Evaluación crítica del riesgo de sesgo
Entre las fortalezas del ensayo destacan su tamaño de muestra amplio, con más de quinientos pacientes aleatorizados y suficiente para el poder calculado; los criterios de inclusión amplios, que favorecen la generalización de los resultados a la población real de pacientes con delirium en cuidados intensivos; y un cegamiento riguroso, con medicamento y placebo indistinguibles, que minimiza el sesgo de desempeño y de detección. Entre las limitaciones, casi el 90% de los pacientes tenía delirium hipoactivo, lo que deja al ensayo con poca capacidad para valorar el efecto de los antipsicóticos sobre el delirium hiperactivo, que es la forma que históricamente motiva su uso clínico; el estudio evaluó dos antipsicóticos concretos con dosis específicas, por lo que no descarta un posible beneficio con otros fármacos o esquemas de dosis distintos; y aunque el ensayo tuvo poder adecuado para detectar una diferencia de 2 días en el desenlace primario, no puede excluir un efecto real de menor magnitud.
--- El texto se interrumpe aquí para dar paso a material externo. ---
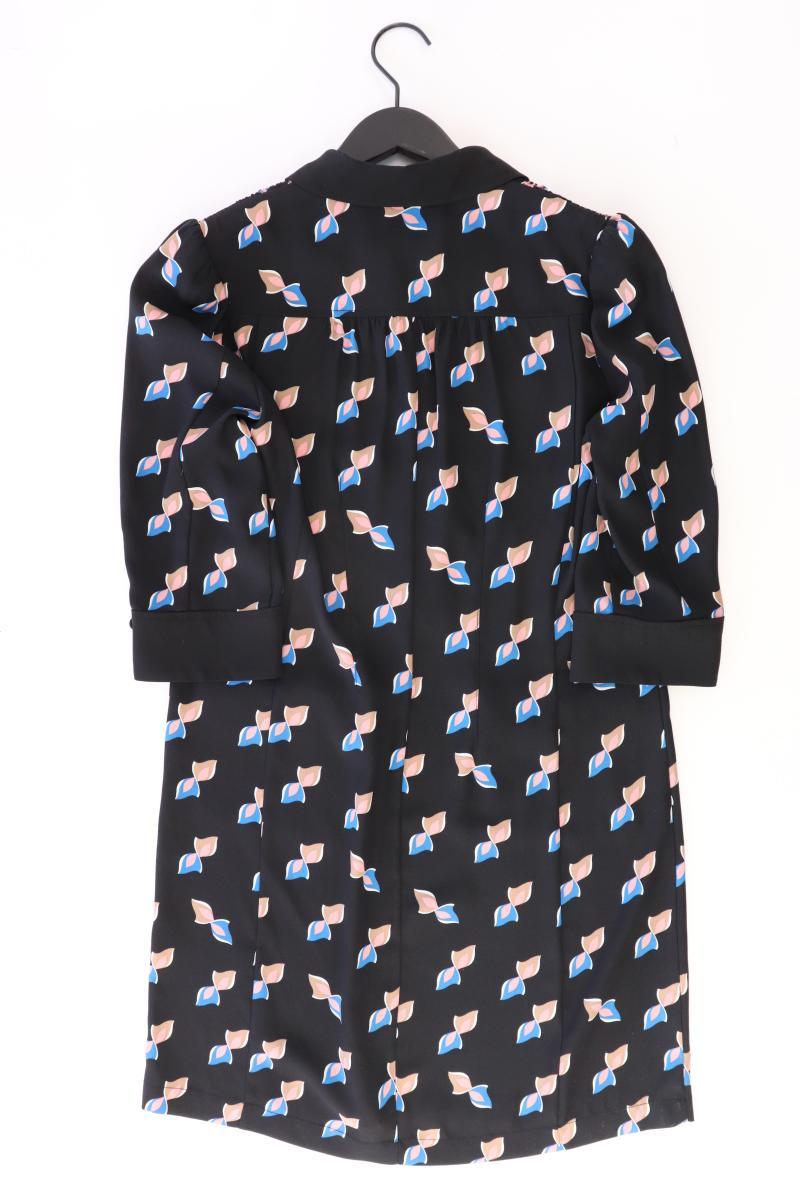 Diane von Furstenberg Midikleid Gr. S neuwertig 3/4 Ärmel schwarz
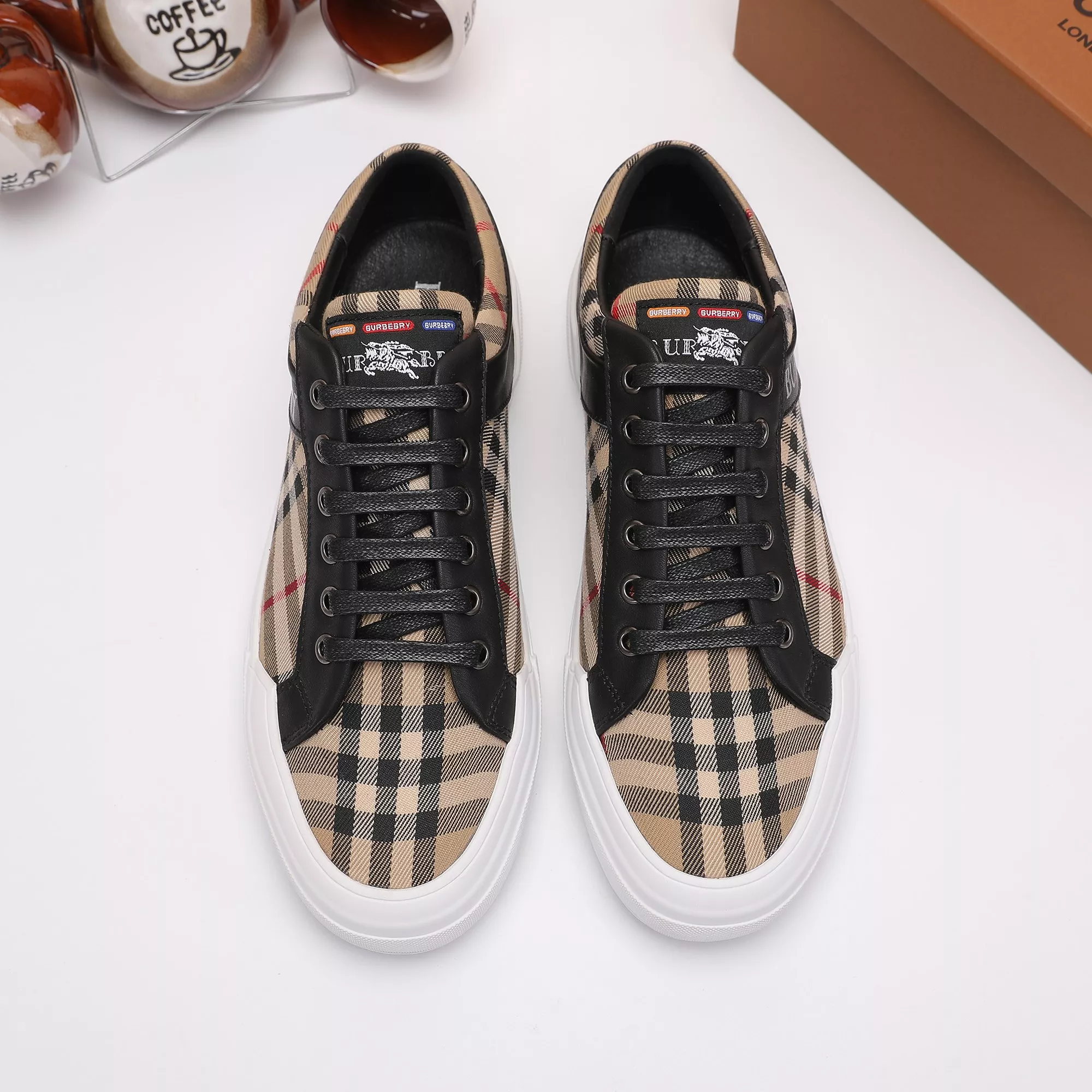 Bright 6169 Burberry Casual Shoes For Men
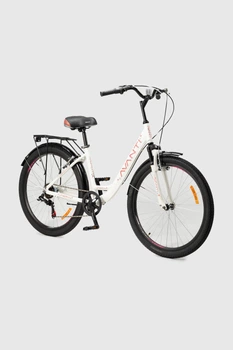 Велосипед SPELLI FIERO26 6 SPD 24" Белый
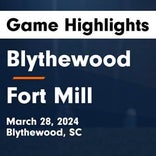 Soccer Game Recap: Blythewood Takes a Loss
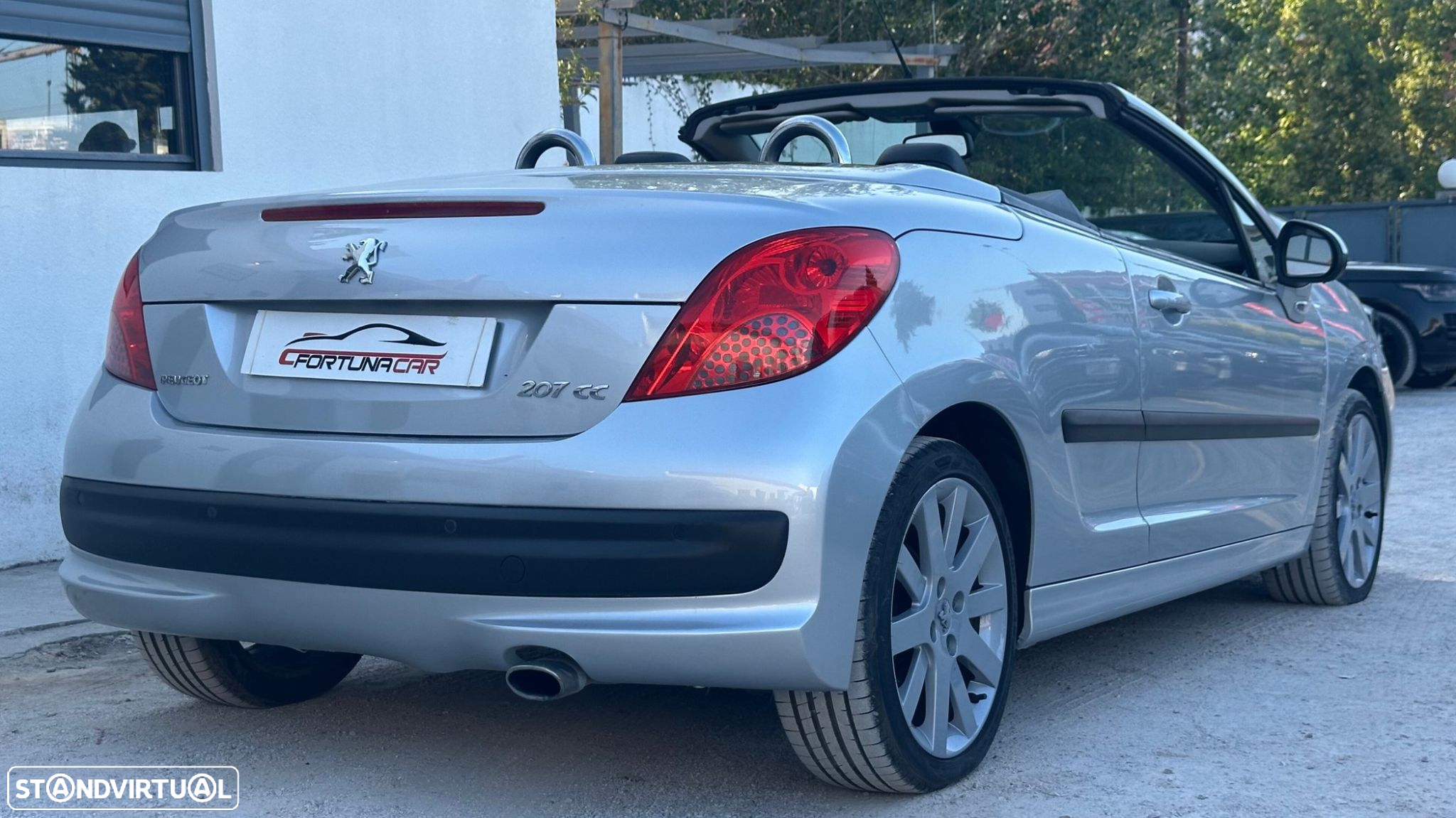 Peugeot 207 CC 1.6 THP 16V Sport - 9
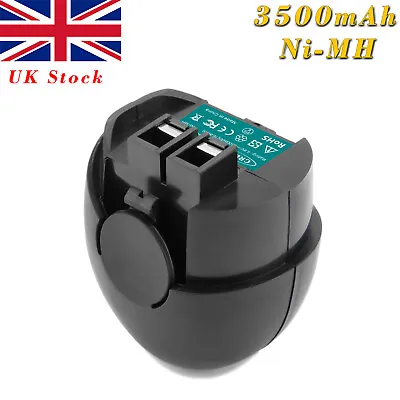 4.8V 3500mAH Ni-MH Battery For Metabo 6.27270 Powermaxx Powergrip2 / II 60005952 • £15.90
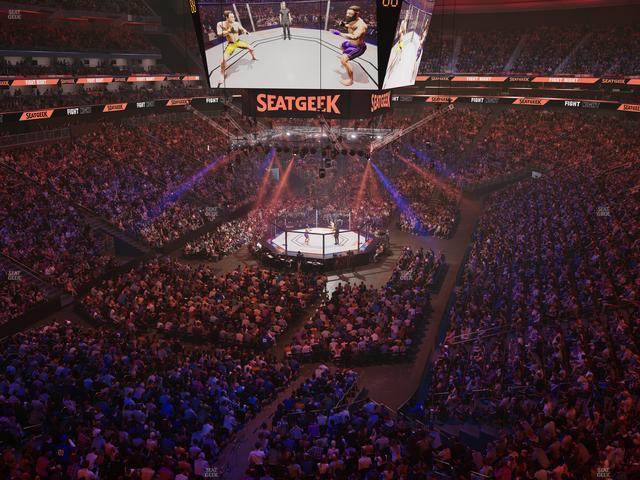 Prudential Center - Section 105 Seat View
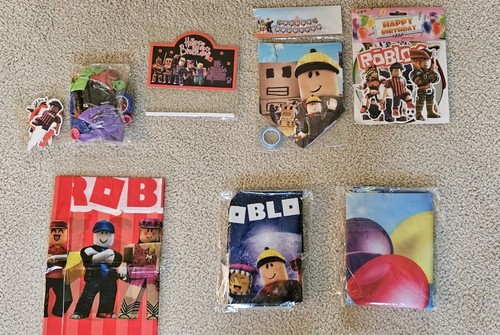 Roblox birthday party - birthday,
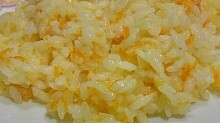 Рецепт - Вкусный гарнир из риса с овощами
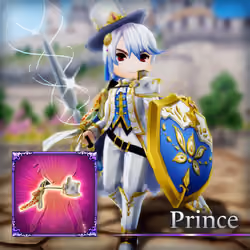 Prince's Shoulder Armor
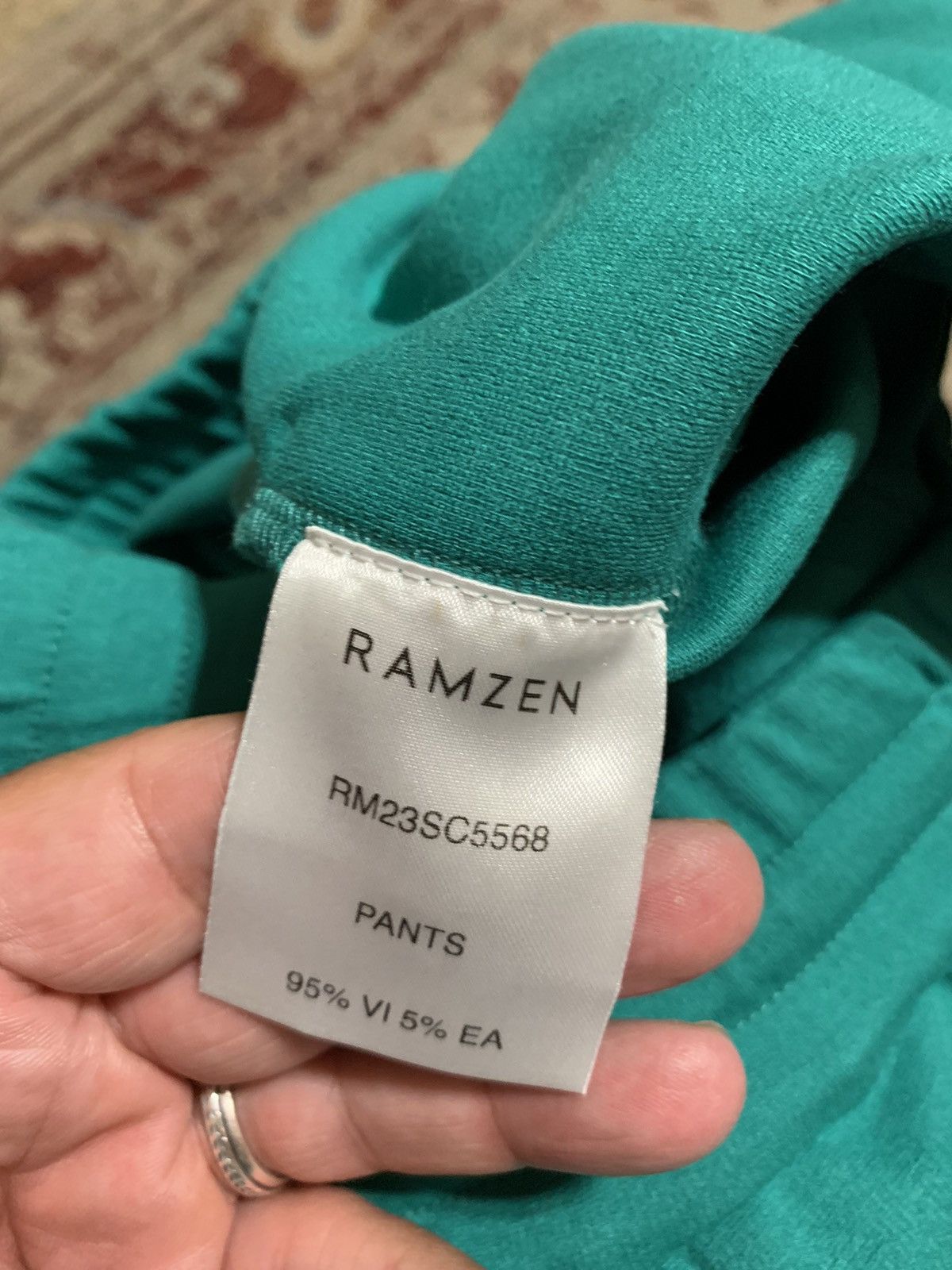 Other Ramzen Drawstring slim Joggers Size US 30 / EU 46 - 7 Thumbnail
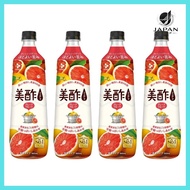 Outlet Bizu (Micho) Diluted type Grapefruit flavor 900ml (4 bottles) Micho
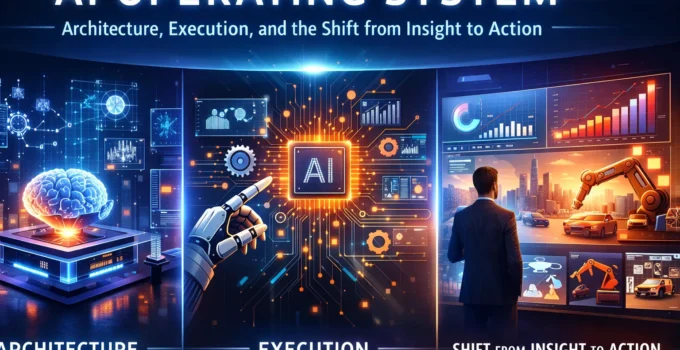 AI Operating System: Architecture, Execution, and the Shift from Insight to Action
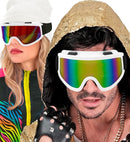 Goggles Après-Ski Winter Party Festival White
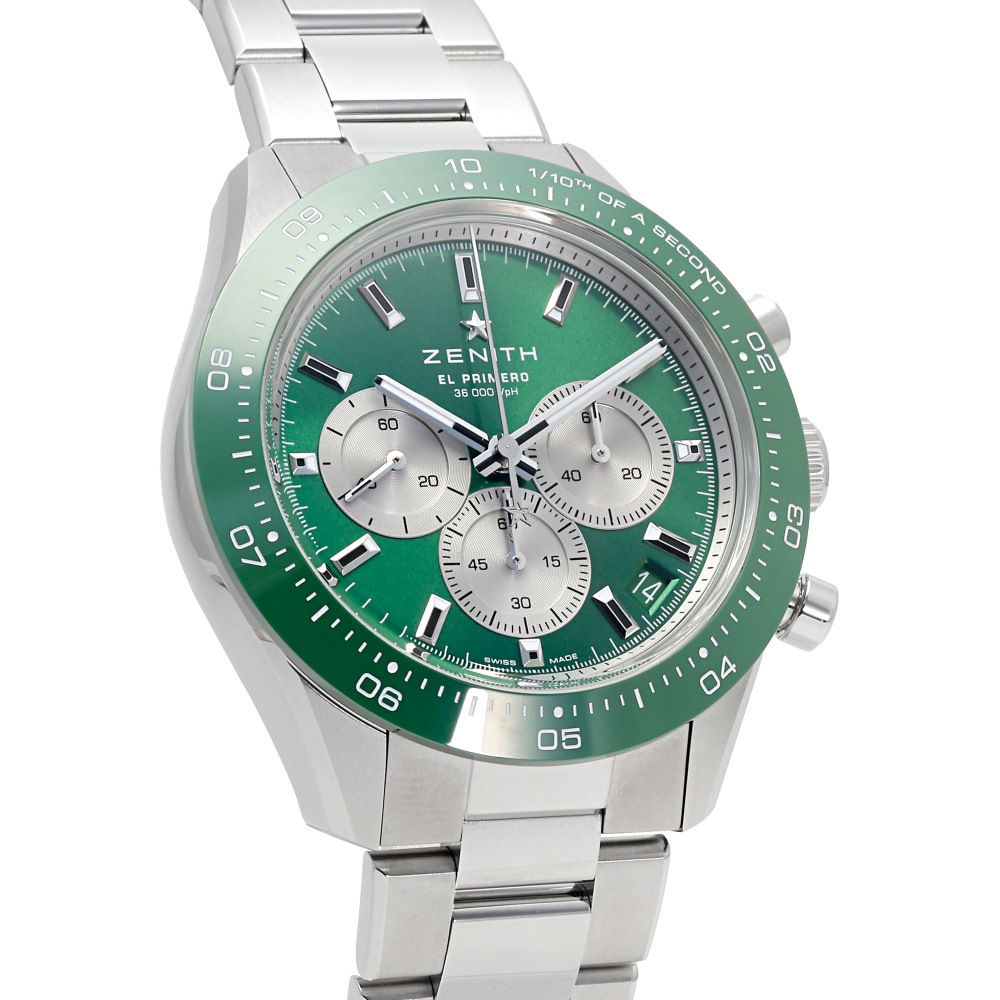 未使用] ゼニス クロノマスター スポーツ YOSHIDA SPECIAL EDITION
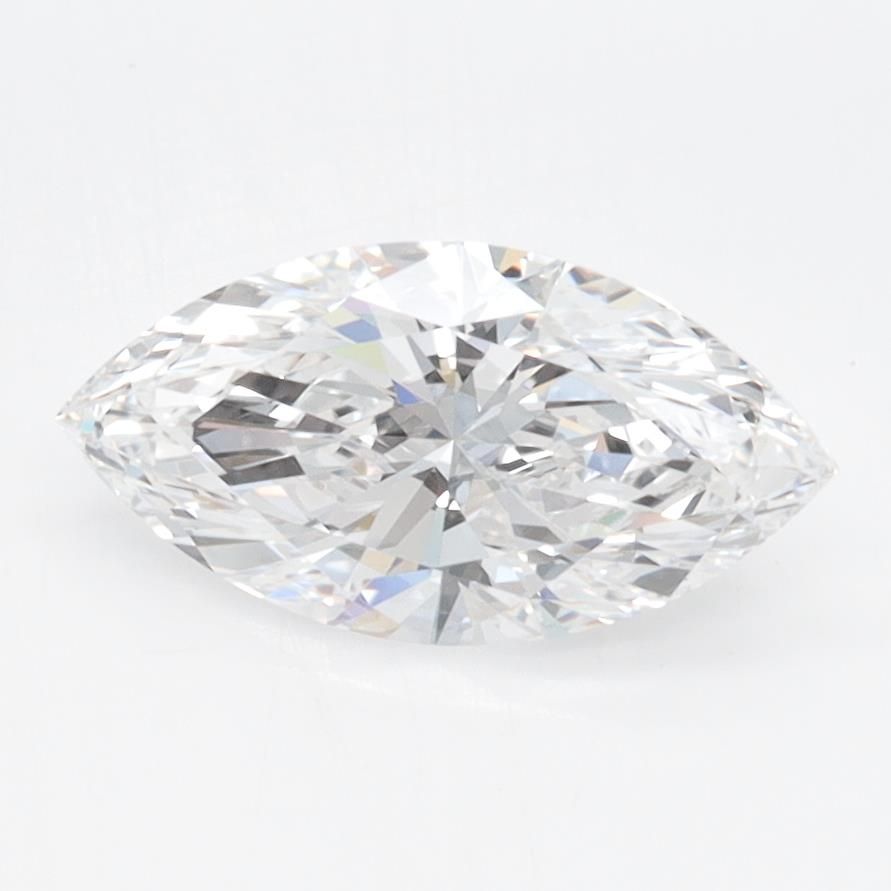 1.23ct Marquise D VVS1 Lab-Grown Diamond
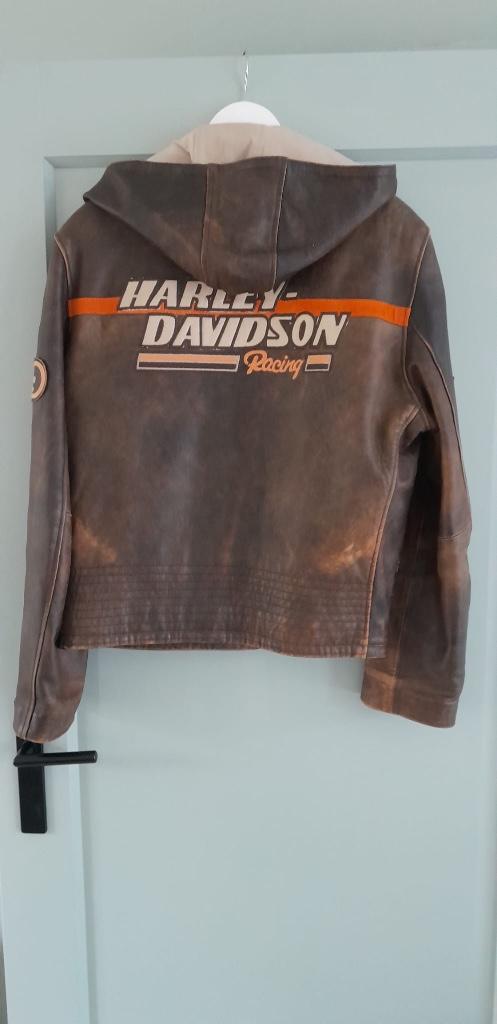 Motorjas, Jas | textiel, Heren, Harley Davidson, Ophalen of Verzenden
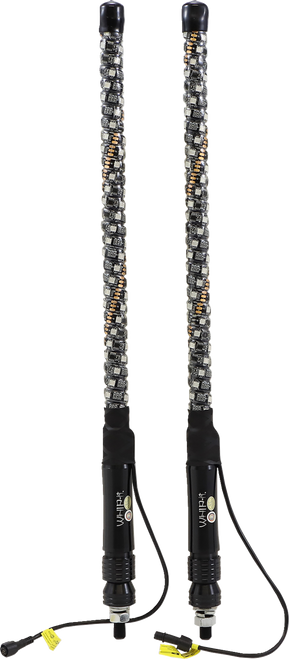 Whipitlightrods 2' Light Rod Whip - Chase - Quick Disconnect QD-CHSBTR-122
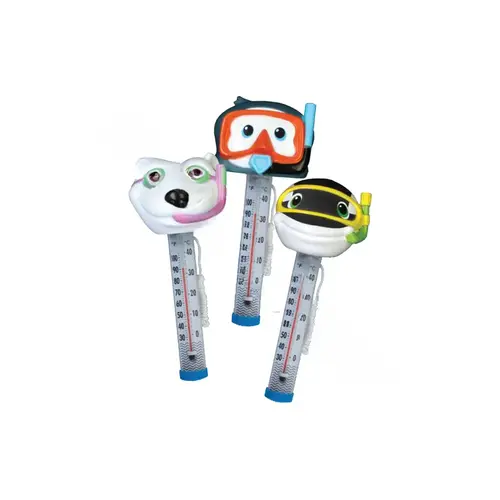 Ps226  Deluxe 3 Styles Floating Diver Thermometers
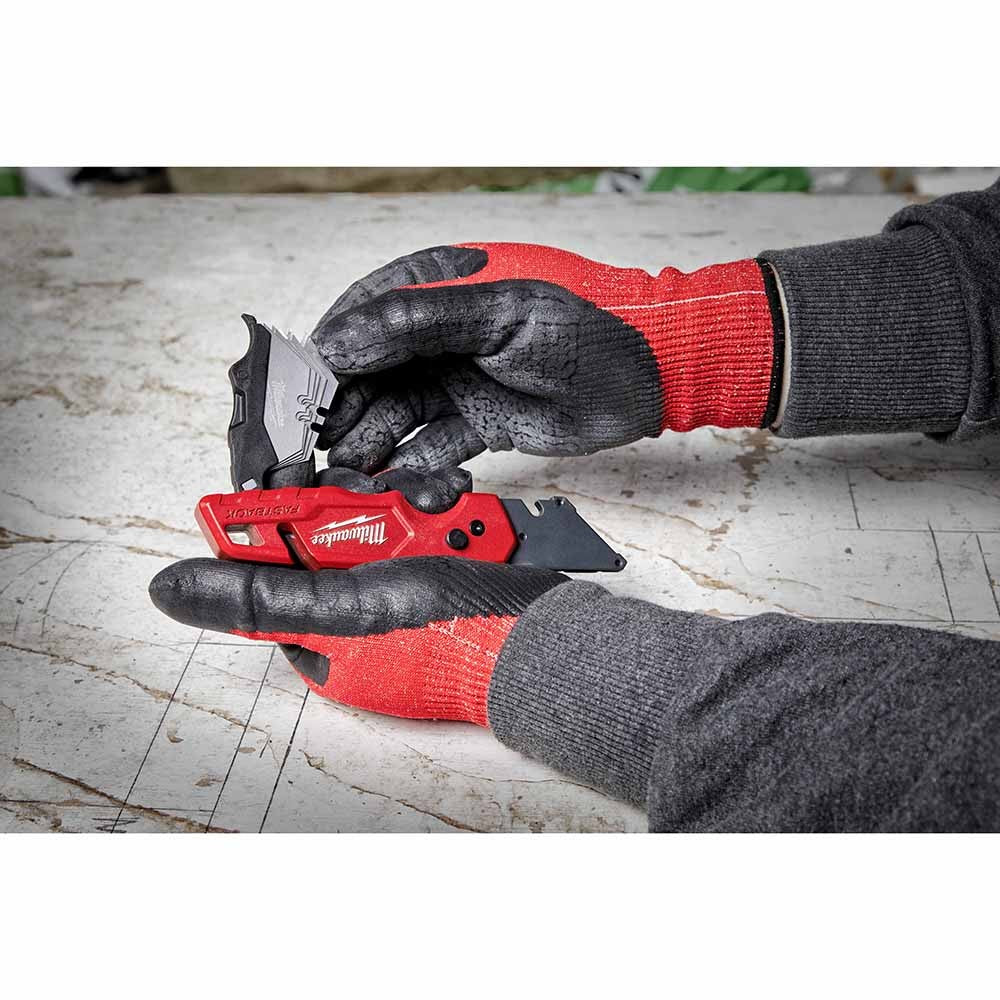 Milwaukee 48-22-1503 FASTBACK w/ Storage & FASTBACK Compact Knife Set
La validez interna es alta, gracias a la aleatorización adecuada y el cegamiento riguroso; la validez externa es buena para pacientes con insuficiencia respiratoria aguda o choque y delirium predominantemente hipoactivo en centros de Estados Unidos, aunque limitada para poblaciones con predominio de delirium hiperactivo o agitación por abstinencia alcohólica, que quedaron infrarrepresentadas.
Conclusión
Con base en el desenlace primario y en los desenlaces secundarios de eficacia, ni el haloperidol ni la ziprasidona, comparados con placebo, alteraron de forma significativa la duración del delirium ni del coma en pacientes críticamente enfermos con insuficiencia respiratoria aguda o choque. Ni el haloperidol ni la ziprasidona acortaron el delirium frente a placebo. El estudio no permite concluir que estos antipsicóticos sean ineficaces en subgrupos específicos, como el delirium hiperactivo, dado que la mayoría de los pacientes incluidos tenía la forma hipoactiva, pero sí establece que, en la población general de pacientes críticos con delirium mixto, su uso rutinario no ofrece un beneficio demostrable sobre la duración del trastorno ni sobre la supervivencia.